EA Sports’ UFC games are some of the fiercest and most authentic MMA fighting games that have ever been made. They have you grappling intensely with your opponents and pummeling them with standing strikes.
Every element of these games has been designed to be extremely accurate. You’ll fight your way through various career modes, and your journey to the championship will be determined by the decisions you make both inside and outside the octagon.
We’re going to showcase two of the most beloved UFC games, which also happen to be the two most recent installments. Read on to learn more.
The most meaningful improvements to UFC 3 from the previous installments are visible on the surface. The expressions of the fighters are consistent with what’s happening in-game, and the sounds of impact are thicker than ever before.

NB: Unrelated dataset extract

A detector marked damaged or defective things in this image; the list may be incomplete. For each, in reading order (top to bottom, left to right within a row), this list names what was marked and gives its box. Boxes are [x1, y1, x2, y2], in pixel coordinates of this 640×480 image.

When playing in Career Mode, you are able to diversify your narrative with a series of distractions, like obligations for training and social media. The main goal for UFC 3 is to look like a believable copy of real life, and it does that very well.
G.O.A.T. Career Mode
Between each match, you can make promotional choices that help you build your fanbase, gain hype for your next fights, and earn more lucrative contracts from the UFC.
The way that you promote yourself outside of the Octagon is just as important as your performance within it, especially if you want to become the Greatest Of All Time.

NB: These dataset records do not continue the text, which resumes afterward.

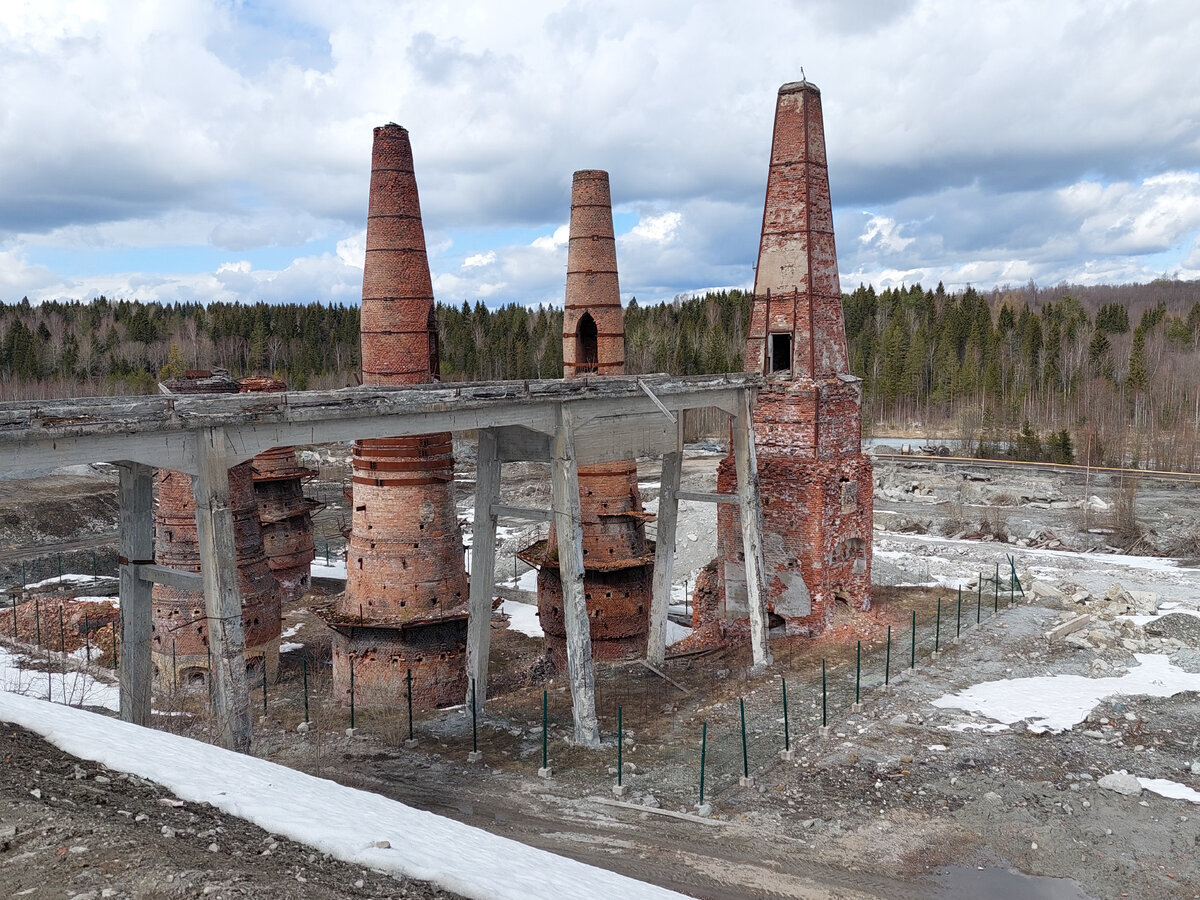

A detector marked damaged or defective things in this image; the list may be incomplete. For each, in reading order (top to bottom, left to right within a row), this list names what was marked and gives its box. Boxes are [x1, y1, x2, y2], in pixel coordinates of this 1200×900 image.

corroded iron reinforcement [149, 370, 278, 692]
corroded iron reinforcement [236, 376, 314, 600]
corroded iron reinforcement [324, 121, 474, 712]
corroded iron reinforcement [524, 171, 656, 660]
corroded iron reinforcement [708, 81, 876, 636]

There are plenty of Muay Thai and boxing combinations in UFC, and you would do well to learn a few of them. If your fighter ‘learns’ a combo, they will be able to throw several more strikes when using the combo than they would be able to with individual strikes.

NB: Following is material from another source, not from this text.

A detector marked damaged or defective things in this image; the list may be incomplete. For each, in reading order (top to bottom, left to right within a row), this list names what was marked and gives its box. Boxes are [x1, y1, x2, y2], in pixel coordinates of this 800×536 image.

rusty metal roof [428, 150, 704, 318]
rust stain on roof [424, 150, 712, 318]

You will also want to know which combos rely on landing, and sometimes missing, the first hit. For example, if you do a large roundhouse kick that fails to connect with your opponent, you are still able to move into a spinning backfist that will punish them if they charge.
While it might sound simple, holding the ‘Guard’ button to keep your guard up whenever possible is a vital mechanic in UFC 3. You should always have this button down between strikes, since it can spell the difference between victory and defeat.
UFC 4 is the latest installment in EA’s UFC franchise, and it further improves upon all of the things that were introduced in the previous games. It is more about the small, but much-needed, adjustments to the game rather than any massive overhauls.
One of the biggest changes that UFC 4 made is with submissions, which have been split into two kinds of minigames - one for joint submissions and one for chokes. Both of the minigames are, in essence, a race to be the first to fill up the escape meter or the submit meter.
The career mode will probably be the reason that you pick this game up, unless you're a huge fan of going online and facing other players.
The great thing about UFC 4’s career mode, especially for beginners, is that you are forced to face all of the game’s fundamentals before you’re ever able to make it to the UFC.
Combos are just as important in UFC 4 as they were in UFC 3. Each character brings a new set of moves and combos to the table that you can try out and experiment with to find which suits you the best.
Square/X and Triangle/Y are used for throwing punches, while Circle/B and Cross/A are used to control kicking. You can also modify these attacks further using L1/LB and R1/RB to create devastating kicks and punches.
Again, keeping your guard up is incredibly important in UFC 4. If you are only going on the offense, then your enemy is going to have hundreds of ways to punish and exploit you, and you’ll end up losing very quickly.
Being able to know your combo’s limits and what your weaknesses are, can stop you from exposing yourself to your opponent too much.
If you’re a fan of MMA fighting, then you’re going to love EA’s UFC games. UFC 3 and 4 are the best of the best, and they provide the most realistic MMA gaming experience you could ever ask for.